J'ai d'ailleurs vraiment aimé la plume de l'autrice. Pleine de jus. Les personnages persistent et m'interpellent régulièrement dans ma vie de tous les jours. Je vois des Karel assez souvent ou je crois en voir lors de mes errances. Plus rarement un Mohand au visage abimé. Beaucoup de chair et de vie données à ces enfants que l'on suit dans leur adolescence ("la mue périlleuse") et dans leurs premières années d'adultes qui ne sont pas les plus simples à vivre non plus. Une tendresse particulière pour l'opulente Choucha.

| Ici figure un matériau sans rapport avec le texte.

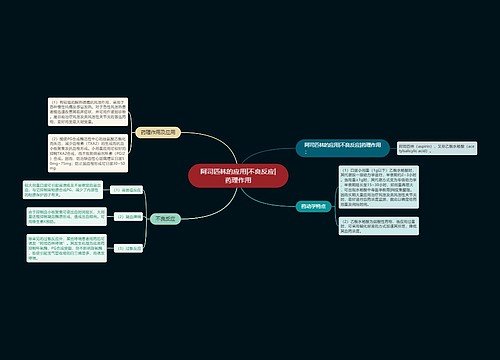 阿司匹林的应用|不良反应|药理作用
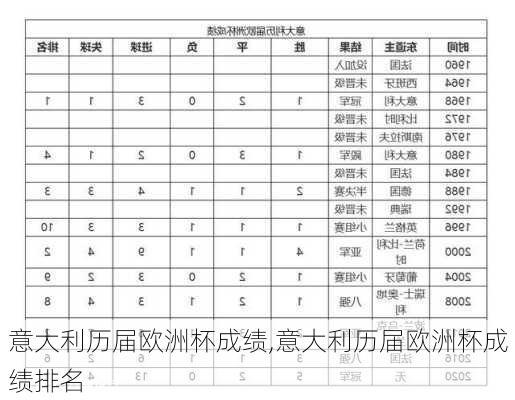 意大利历届欧洲杯成绩,意大利历届欧洲杯成绩排名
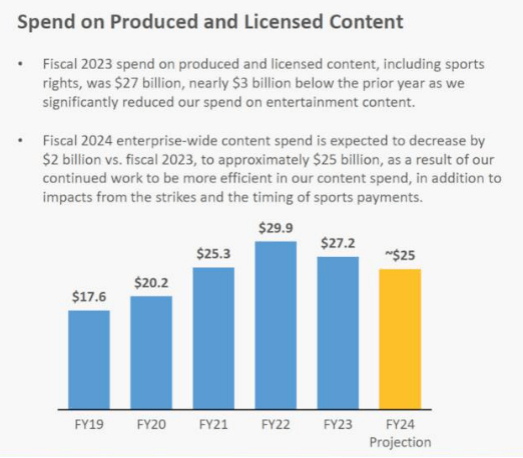 Disney在内容制作和授权内容上的投资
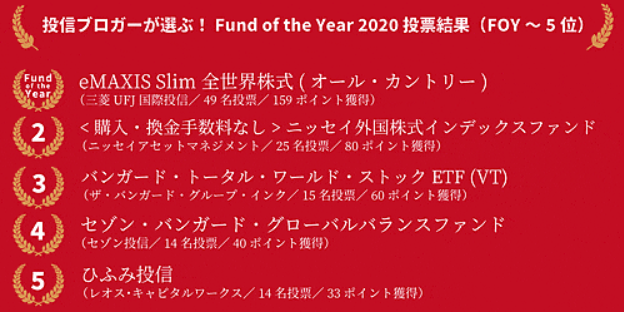 fundoftheyear2020順位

Puis il y a des scènes très marquantes.

Bouleversantes même.

Certaines violentes, d'autres moins mais intenses toujours. Sexe, shoot, aggression, mise à mort.

De ces paroxysmes acrobatiques où le ridicule guette à chaque adjectif, Rebecca Lighieri se sort très bien, arrivant à ses fins et plongeant les lecteurs dans ce fort courant.

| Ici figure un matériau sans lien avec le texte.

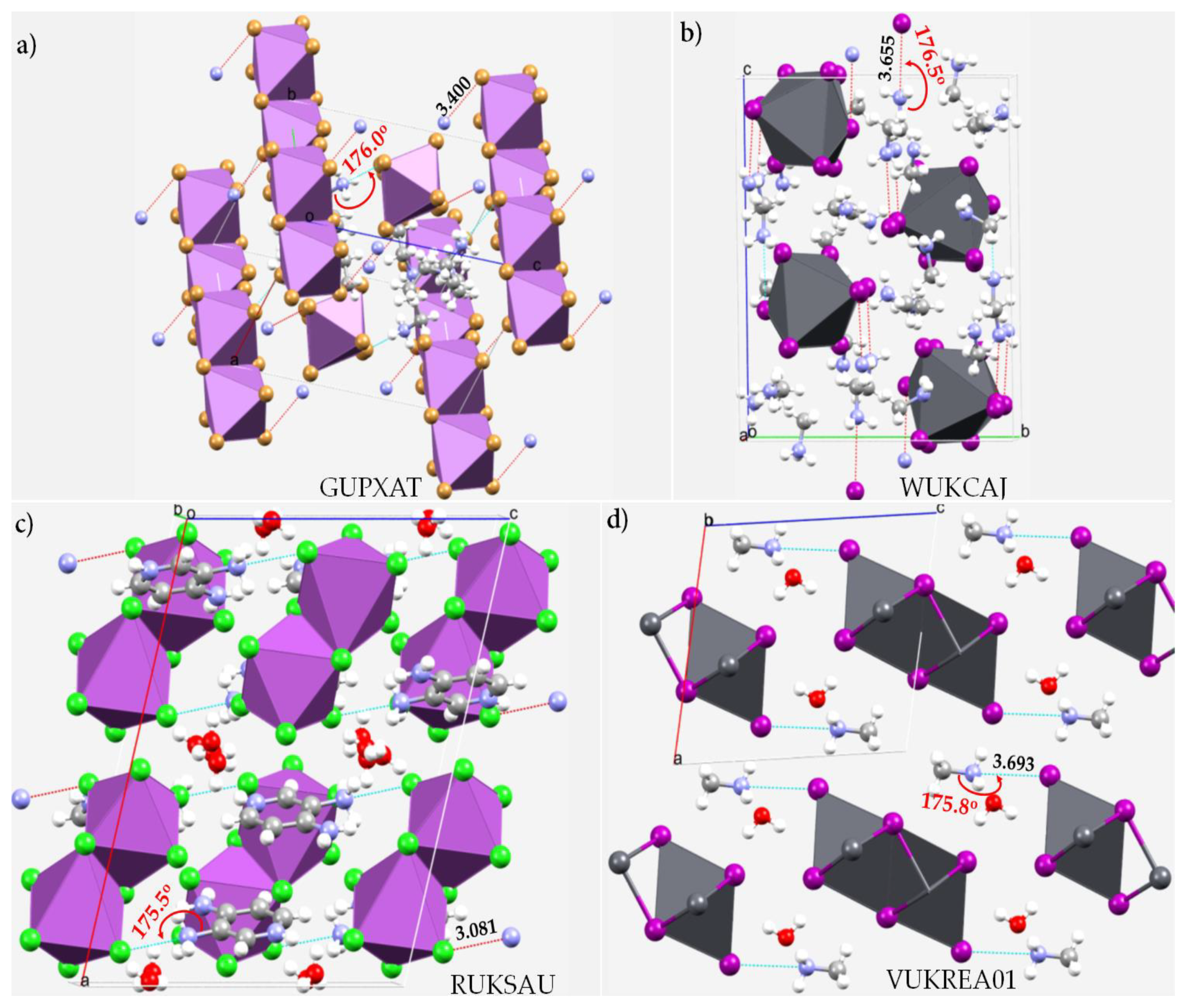 Ijms 23 08816 g023 Ijms 23 08816 g023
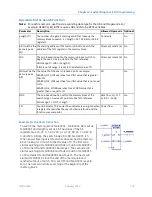 Preview for 200 page of GE PACSystems RSTi-EP Cpu Programmer'S Reference Manual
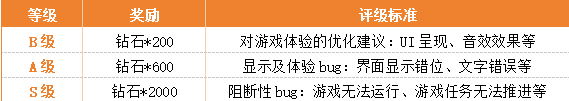 《超凡守卫战》BUG收集专用帖图片_2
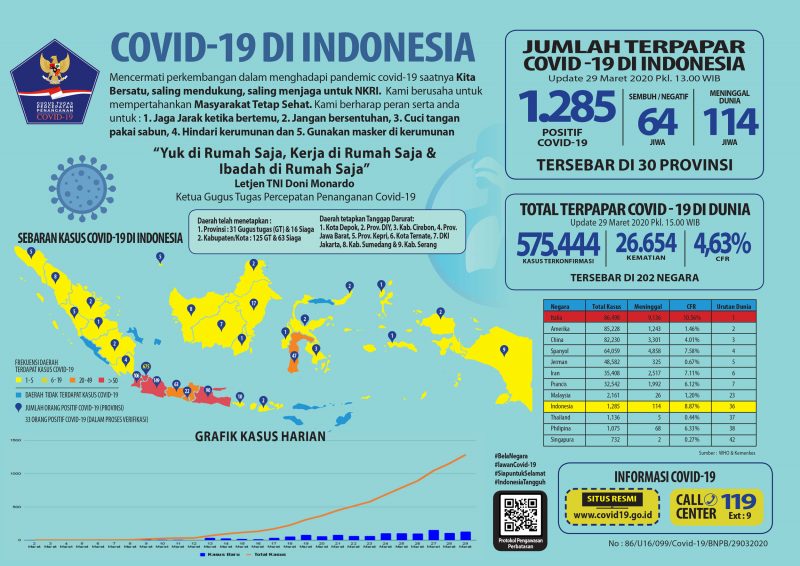 Update Corona 29 Maret: 1.285 Kasus, 114 Meninggal, 64 Sembuh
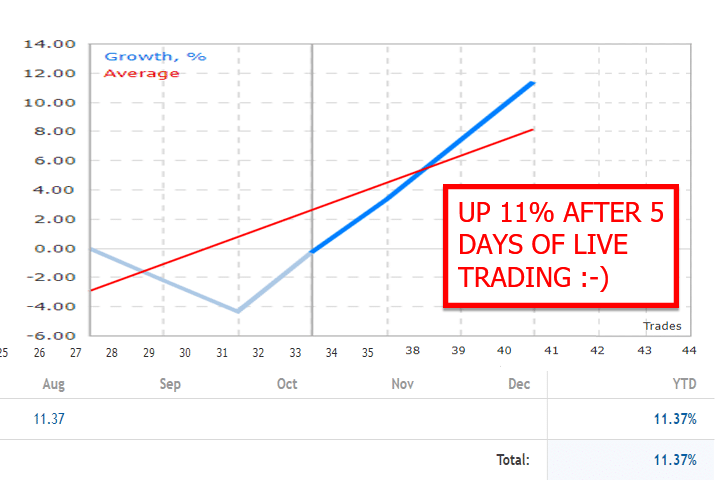 goldtradeproscreen1370 OnShoppie Gold Trade PRo EA
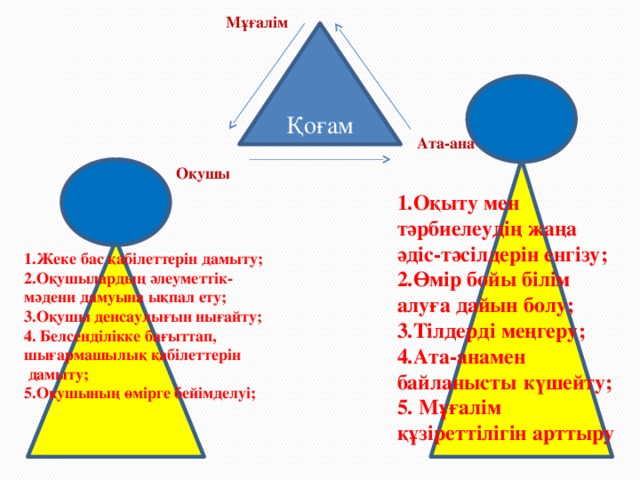 Мұғалім  Қоғам Ата-ана  Оқушы 1.Оқыту мен тәрбиелеудің жаңа әдіс-тәсілдерін енгізу; 2.Өмір бойы білім алуға дайын болу; 3.Тілдерді меңгеру; 4.Ата-анамен байланысты  күшейту; 5. Мұғалім құзіреттілігін арттыру 1.Жеке бас қабілеттерін дамыту; 2.Оқушылардың әлеуметтік-мәдени дамуына ықпал ету; 3.Оқушы денсаулығын нығайту; 4. Белсенділікке бағыттап, шығармашылық қабілеттерін  дамыту; 5.Оқушының өмірге бейімделуі;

Pas de "Bad sex in fiction award" pour Mme Lighieri donc.

En ce qui concerne la marge accueillante et les exclus inclusifs...j'aimerais y croire mais je ne suis pas totalement convaincu. Cynos de Berge Rase me souffle doucement à l'oreille des réflexions empoisonnées et sarcastiques. Si seulement...

Une autre petite remarque (oui ça fait beaucoup mais je l'aime bien ce livre je le redis) qui m'a fait un peu cligner de l'oeil comme un cornichon trop vinaigré : le mot "go" n'est, à mon avis, pas apparu à Marseille en 1990. Cela est bien plus récent. A moins que ce ne soit le Karel narrateur du 21ème siècle qui l'utilise ? Même réflexion pour "bicrave" en 1998. Je n'ai commencé à l'entendre que vers 2005 et pas sur Marseille dans un premier temps. Pour finir le mot "terma" ??? J'ai toujours dit "tarma" en ce qui me concerne.

Lighieri dit qu'elle a remarqué qu'elle se réservait pour les narrateurs masculins, pour une certaine noirceur. Plus percutante, plus romancée et moins poétique que Bayamack-Tam. Elle se permet plus de violence physique comme dans un pulp. Elle écrit "sous pseudo", et loue l'effet "stupéfiant" que cela convoque chez elle et qui la déshinibe. La trame est déjà présente contrairement aux livres de Bayamack- Tam qui se forgent "chemin faisant".

Philippe Lançon dit que "Lighieri est la version pop de Bayamack-Tam".

Et en parlant de pop, la musique et les chansons des années 1980 à 2000 sont au centre de ce roman. Rebecca Lighieri a construit l'histoire autour d'elles, les laissant infuser dans son esprit pour en colorer les atmosphères, souligner des ambiances et convoquer les souvenirs, pour les chanceux nés dans ces décennies ; pour le meilleur et pour le pire dit-elle. Elle a failli nommer chaque chapitre du titre d'une de ces chansons mais a renoncé en route, craignant l'aspect trop systématique.

Ce livre, malgré quelques irritations, me donne très envie de lire assez vite autre chose de l'autrice quel qu'en soit le nom. Par ricochets, l'envie aussi de découvrir Antonin Artaud dont le titre est une citation et dont L ADN triple fait de poésie, de drogue et de folie irriguent ce roman.

Quelques details amusants aussi, comme la famille Sastre, gitans du passage 50 aux goûts vestimentaires très marqués et dont le nom signifie "tailleur" en espagnol.

Le pseudo Lighieri aussi qui fait de l'oeil à Dante Alighieri.

Je relirai sûrement certains passages bouillonnants, comme on va au musée revoir une oeuvre qui nous a touché.

En tout cas, une lecture qui ne m'a pas épargné. J'aime.